═════ EXERCISE MATERIAL

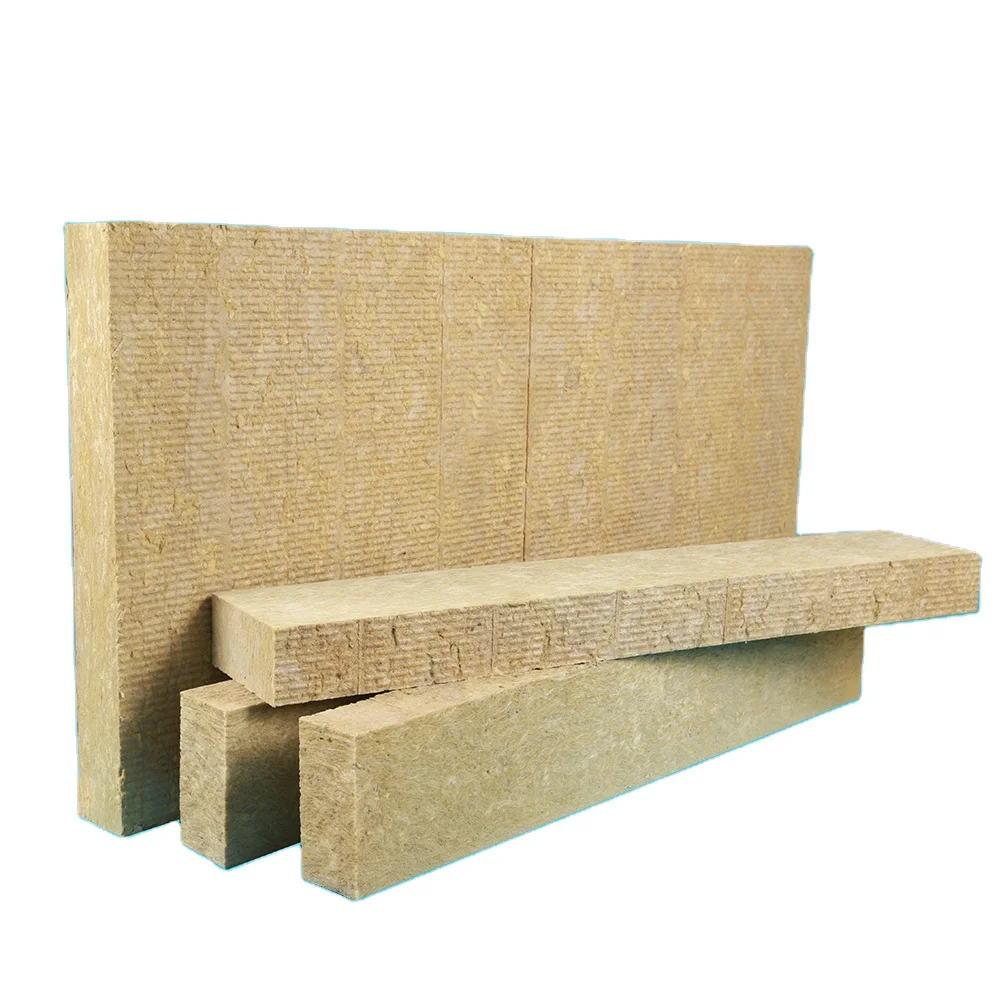 High Strength Industrial Design Acoustic Mineral Wool Insulation Rock Wool Board Panel Fire Resistant Plain Slab Made Basalt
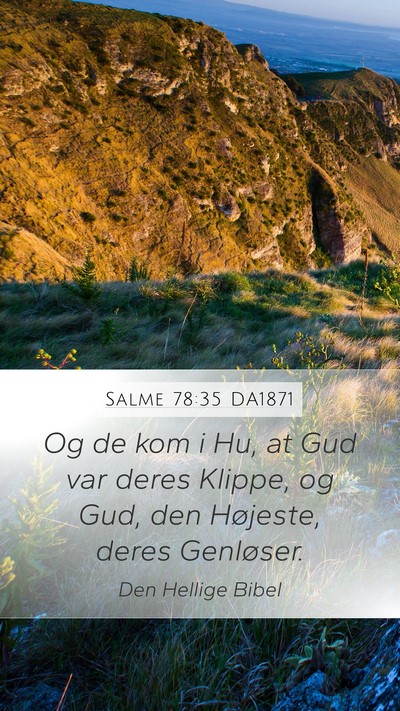 Salme 78:35 DA1871 Bible Verse Image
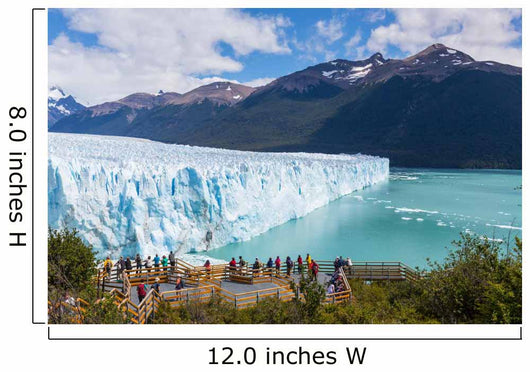 Glacier in Argentina Wall Decal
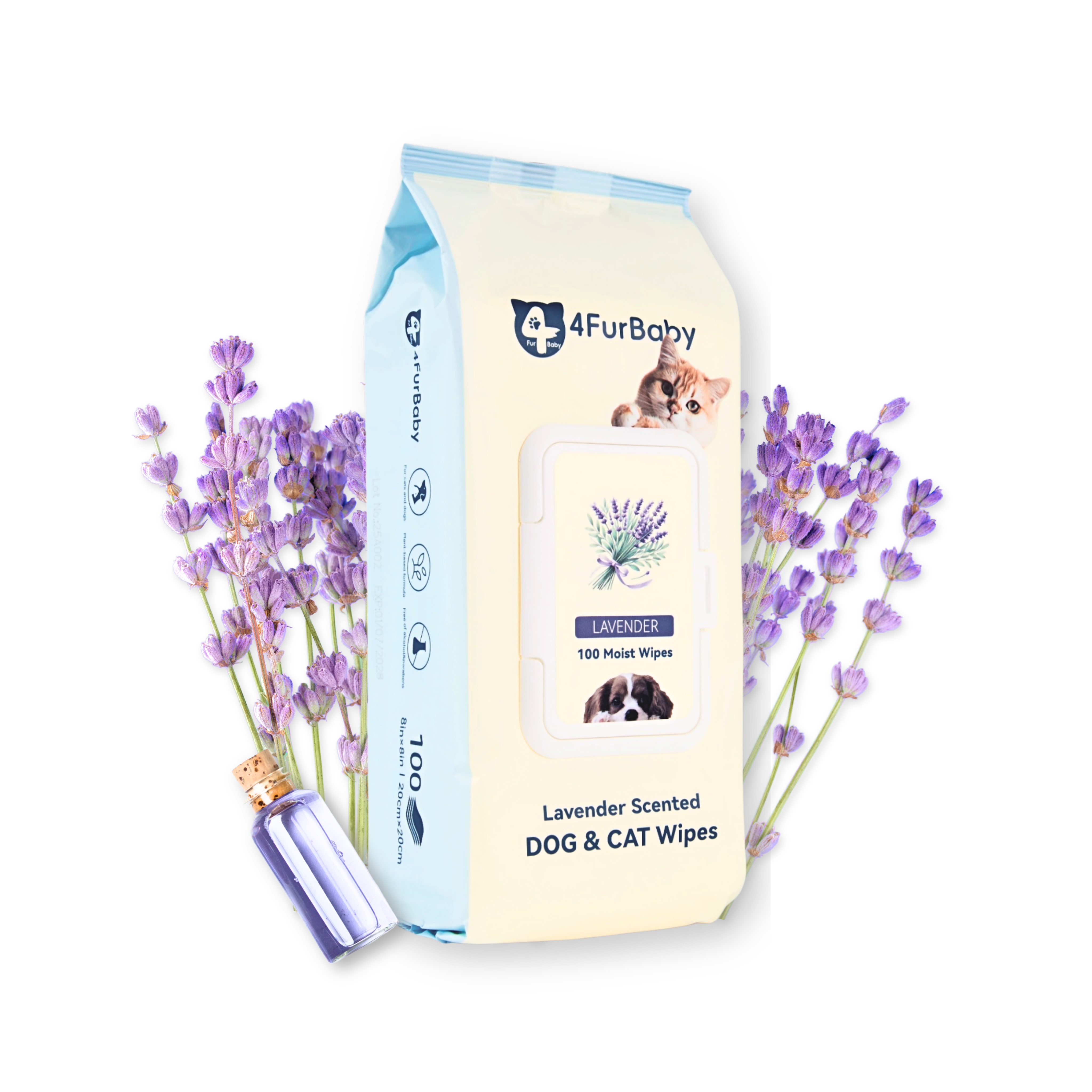 Pet Wipes 100ct (Single Pack) 🐶 351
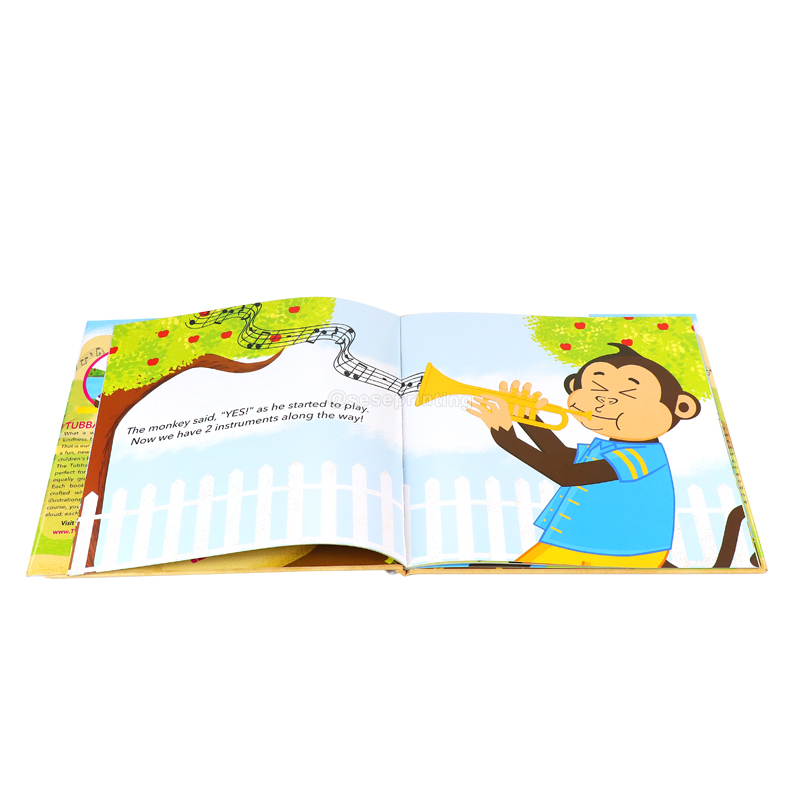 Hardcover Children Book Printing Kids Story Book with Dust Jacket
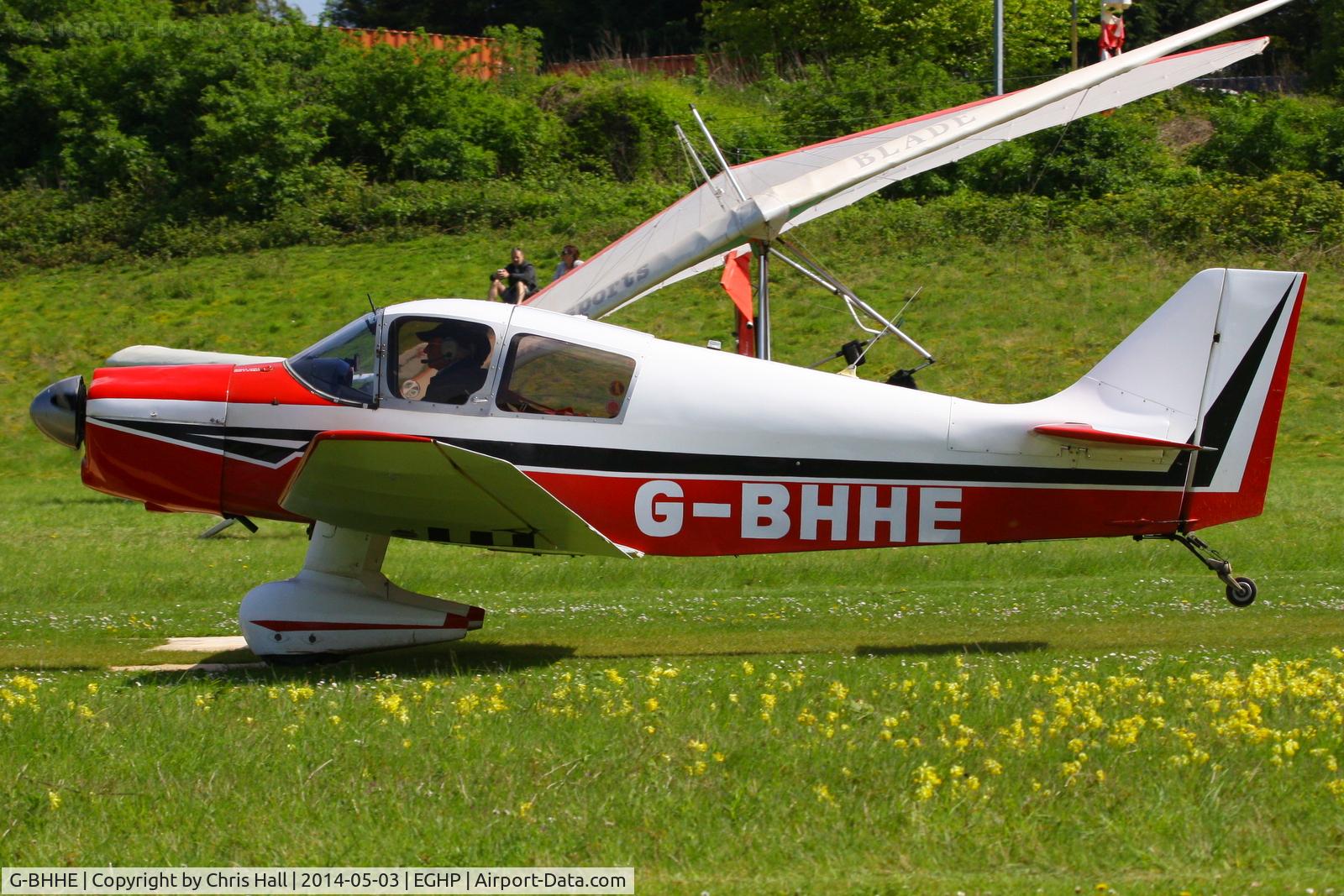 G-BHHE, 1965 CEA Jodel DR.1051-M1 Sicile Record C/N 628, at the 2014 Microlight Trade Fair, Popham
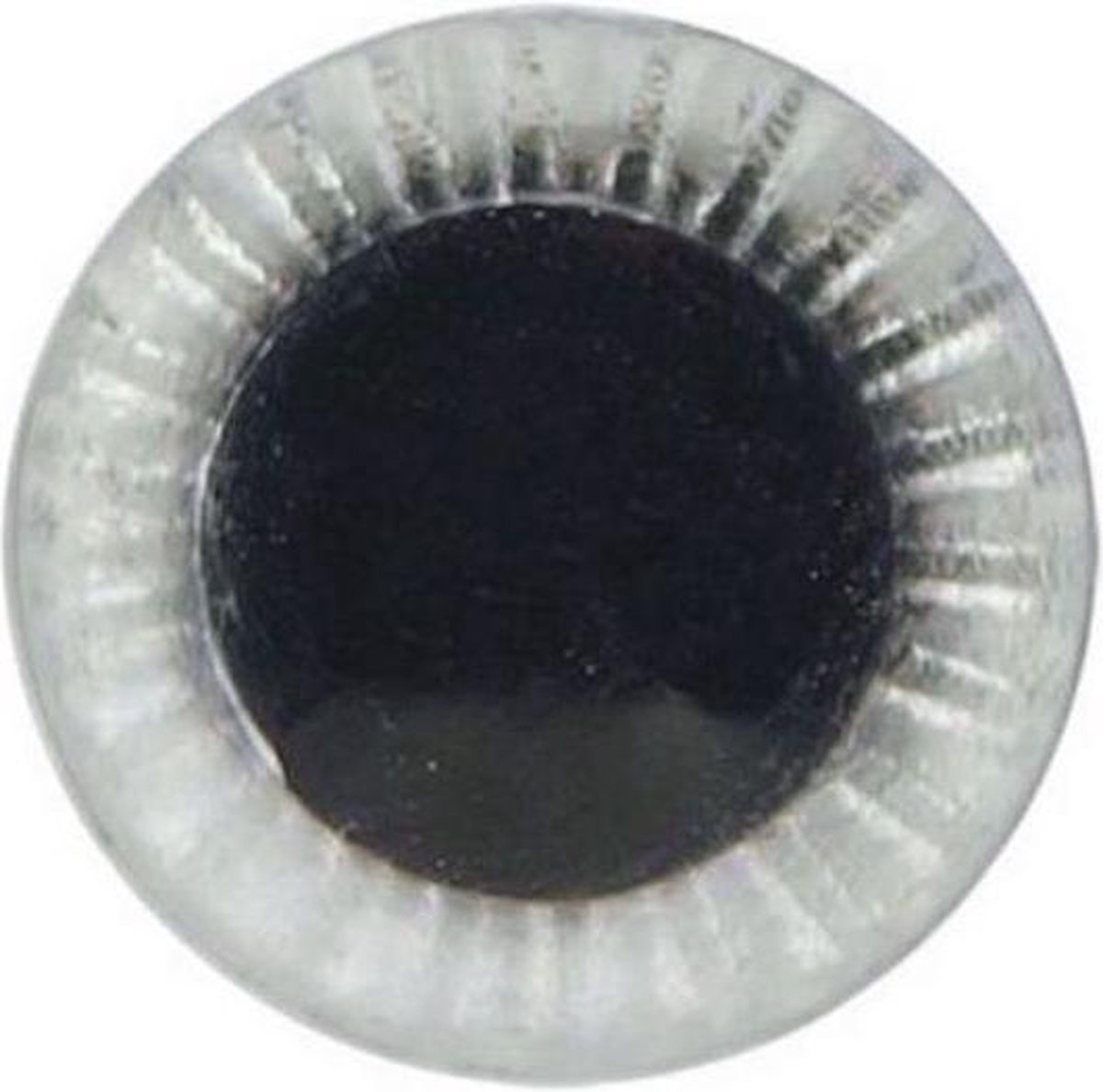 5 paar veiligheidsogen uilen 10mm - zwart/wit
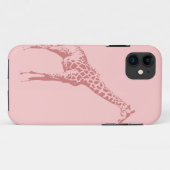 Roze Giraffe Schets Case-Mate iPhone Case (Achterkant (horizontaal))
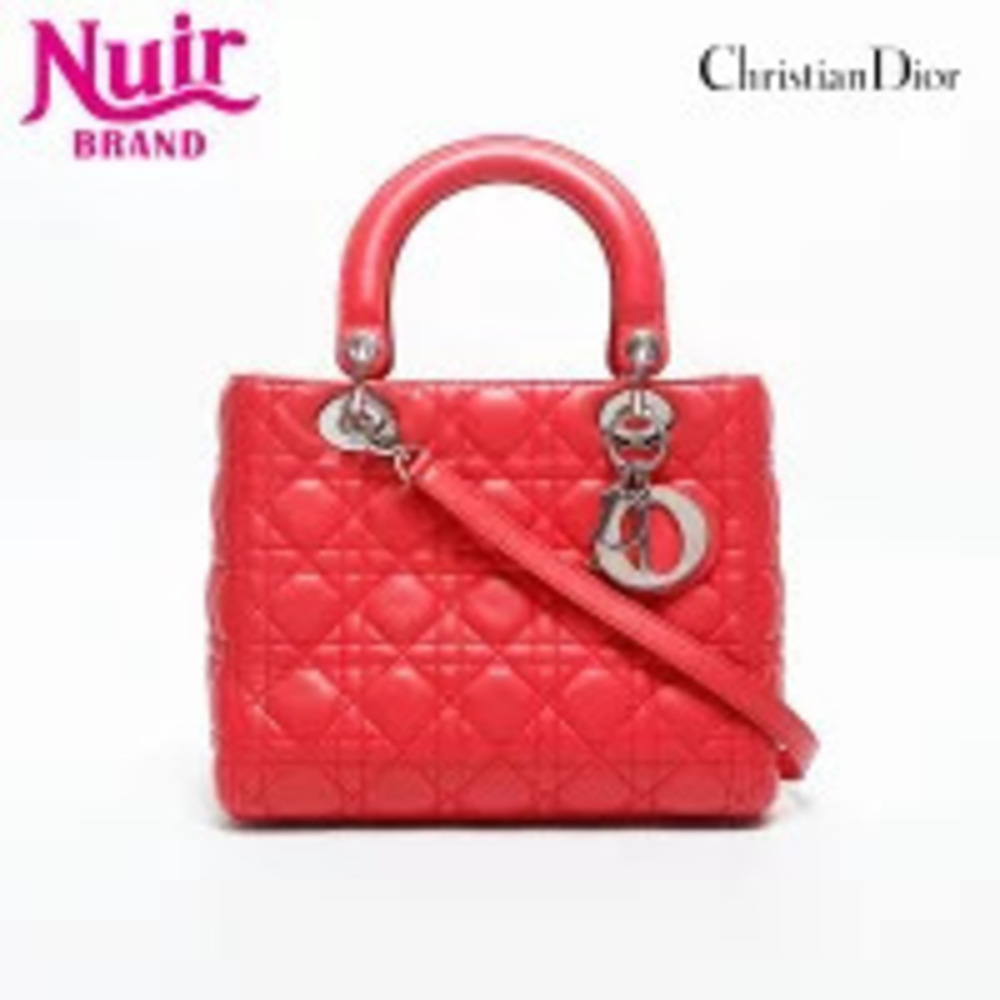 Christian Dior Lady Handbag Pink - Picture 1 of 13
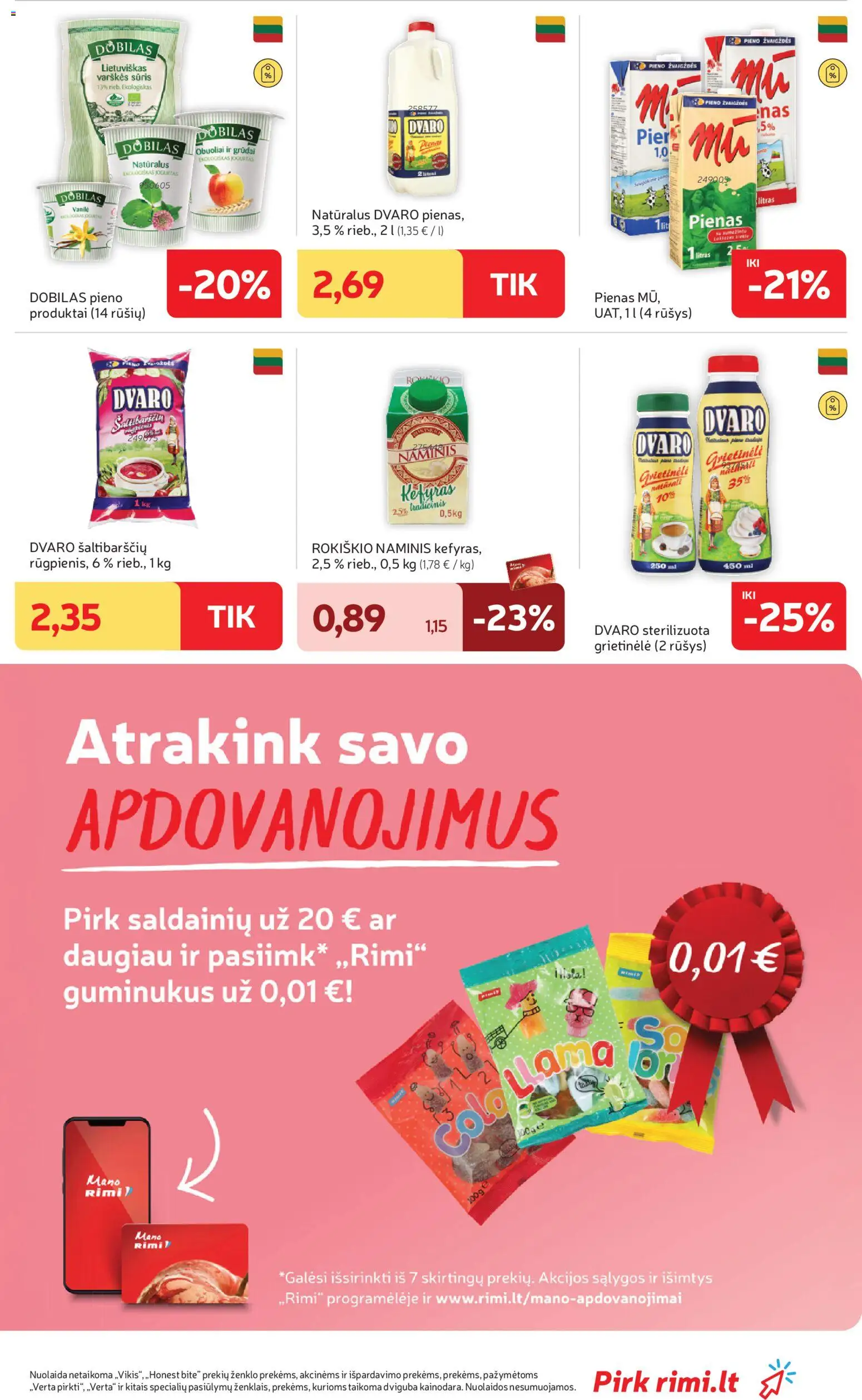 Rimi akcijos nuo 18.11.2025 | Puslapis: 21 | Prekių: Varškės sūris, Jogurtas, Sūris, Obuoliai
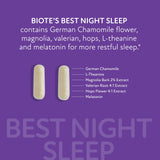 Biote rituel nuit - prise facile dans une routine apaisante.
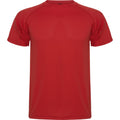 Red - Front - Roly Mens Montecarlo Short-Sleeved Sports T-Shirt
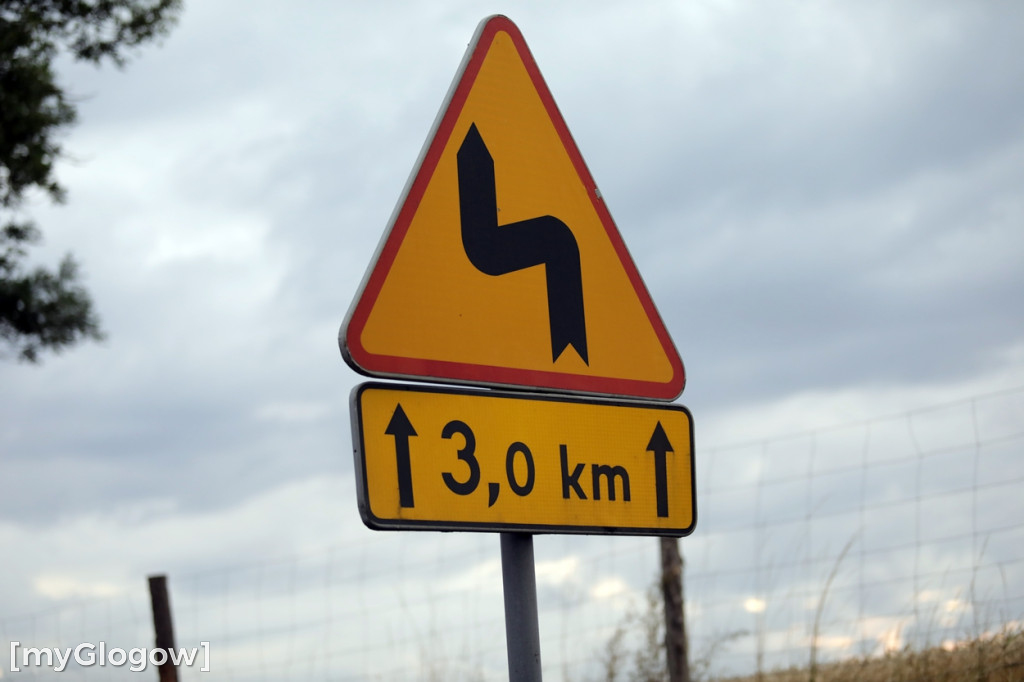 Wypadek pod Głogowem, są poszkodowani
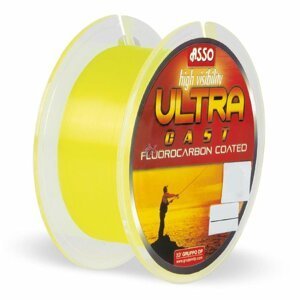 Asso vlasec ultra cast fluo žltá 300 m - priemer 0,20 mm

══════════

WHAT TO WORK ON » The records above should be repeated exactly, with no pictures in the copy.

YOUR SOLUTION »
 High Strength Industrial Design Acoustic Mineral Wool Insulation Rock Wool Board Panel Fire Resistant Plain Slab Made Basalt
 Salme 78:35 DA1871 Bible Verse Image
 Glacier in Argentina Wall Decal
 Pet Wipes 100ct (Single Pack) 🐶 351
 Hardcover Children Book Printing Kids Story Book with Dust Jacket
 G-BHHE, 1965 CEA Jodel DR.1051-M1 Sicile Record C/N 628, at the 2014 Microlight Trade Fair, Popham
 5 paar veiligheidsogen uilen 10mm - zwart/wit
 Roze Giraffe Schets Case-Mate iPhone Case (Achterkant (horizontaal))
 Christian Dior Lady Handbag Pink - Picture 1 of 13
 Rimi akcijos nuo 18.11.2025 | Puslapis: 21 | Prekių: Varškės sūris, Jogurtas, Sūris, Obuoliai
 Biote rituel nuit - prise facile dans une routine apaisante.
 Red - Front - Roly Mens Montecarlo Short-Sleeved Sports T-Shirt
 Wypadek pod Głogowem, są poszkodowani
 Asso vlasec ultra cast fluo žltá 300 m - priemer 0,20 mm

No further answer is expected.